The Muslim Butcher
- About the Book
Several decades after the Korean War, the unnamed narrator, an orphan in his early teens, is taken in by an aged Turk, a veteran of the Korean War. Uncle Hassan makes a living as a butcher in a Seoul slum. The narrator is a precocious, troubled boy, who wonders who his parents are, why they abandoned him, what life is all about. In this neighborhood, the narrator befriends a number of people, all poor and downtrodden—Dickensian characters including a caring aunt, a Greek veteran who is a compulsive liar, a sensitive stammering boy, a talkative smart aleck, a war veteran who lost his memory during the war, and a drunken locksmith. As the narrator gets to know them, he finds his path, realizing what human community is all about and what love means.

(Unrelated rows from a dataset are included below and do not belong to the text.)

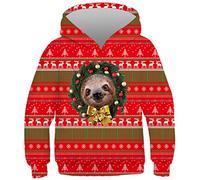 ZSOSIXDEAL Sweat à capuche de Noël à manches longues pour garçons et filles, Paresseux avec Noël, XL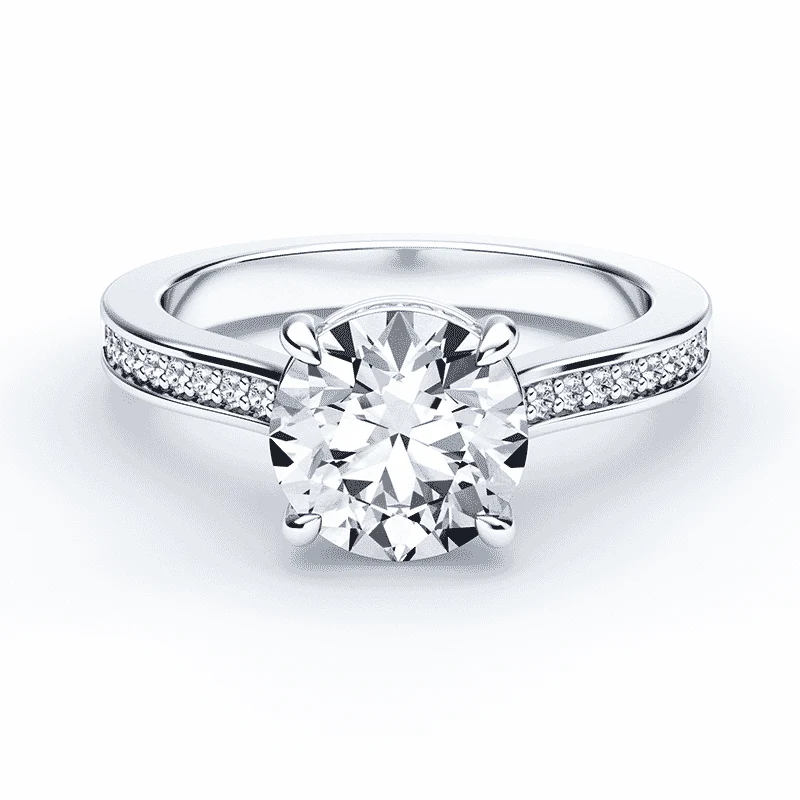 Cathedral Hidden Halo Bead Set Ring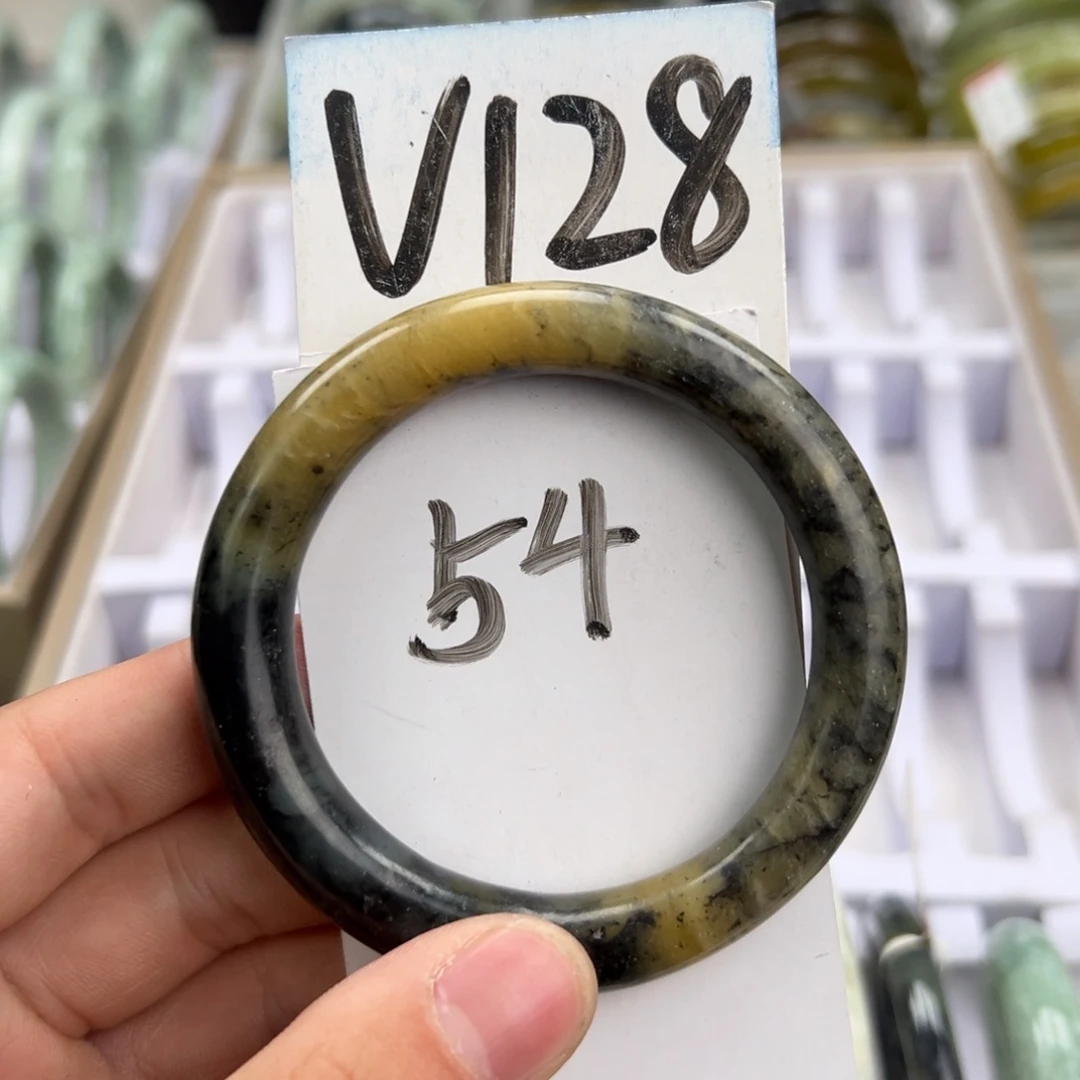 岫玉手镯未镶嵌天然岫玉微瑕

Although the narrator recounts the story in his adulthood, he employs the child’s point of view as he humorously grapples with the hypocrisy of grown-ups, racism, prejudices against the poor and different religions, and most of all, the meaning of fighting another nation’s war and its aftermath. He also ponders linguistic riches and limitations through Yujong, a stammering boy who claims to understand animal language and aspires to grow up to be a novelist. The novel begins with “my adoptive father’s blood flows in my body” and ends with an echo, “my adoptive father’s blood is still flowing in my body.” In between, the narrator, lost and hurt, is healed by the flawed but sympathetic characters. At one point, he makes up his mind “to adopt the world.”